Conversely, if she starts getting into marriage, what to name your kids, how to pay for the house, etc, it’s a red flag - proceed with caution if you’re ready for that. She might be testing you - she might be crazy. If you show your discomfort, she’ll know. Keep your cool, change the topic, and create a distraction (order drinks/food).

YOU GOT TOO SEXUAL TOO FAST
So she wore a low-cut top with ridiculously tight fitting jeans. Maybe she went with the short skirt that leaves little to the imagination. Either way, it’s your right to glance, but not stare. Remember, you are the evolved male - you are beyond deeper than simple superficiality. You’re smarter than to fall for simple tricks like that. No one will fault you for letting her know what you appreciate, but don’t overdo it.

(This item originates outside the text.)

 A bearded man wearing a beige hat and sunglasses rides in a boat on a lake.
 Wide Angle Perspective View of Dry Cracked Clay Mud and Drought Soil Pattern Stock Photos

What’s the alternative to staring at her chest? Eye-contact. You’ll score big points if you keep non-creepy eye-contact. It lets her know that you’re paying attention and you have interest in what she’s saying. How do you avoid the creepy eye contact - break eye contact once in a while of course! When she asks you a question, take a second to come up with a clever answer. Before you give your opinion, take a second to give it a thought. It’s that simple. It’s rude to stare, but it’s also rude to not pay attention.

If she starts the sex talk first, go for it. But don’t go overboard. Just because she makes a joke about doing the deed in the washroom doesn’t mean she’s giving you the greenlight! It’s likely that she’s testing and teasing you. She wants you to take the bait and get into the topic. You, being the evolved male, will comply of course. After all, sex is an awesome topic. You’ll use words to play and tease. Give her enough of what she wants (your attention) but show enough control so that she asks more of it - if she’s trying harder to get your attention, she’s yours.

Remember that just because she feels comfortable talking about sex doesn’t mean you’re gonna score tonight. She’s not greenlighting anything - she just feels comfortable talking about it. Keep it at that and use it to your advantage. Build the anticipation for the next date (assuming you get another one). Sex talk is like cologne - use enough and you’ll get the attention and the attraction, use too much and the girls will run.

So there you have it - some ideas and some guidelines to hopefully get you a second date.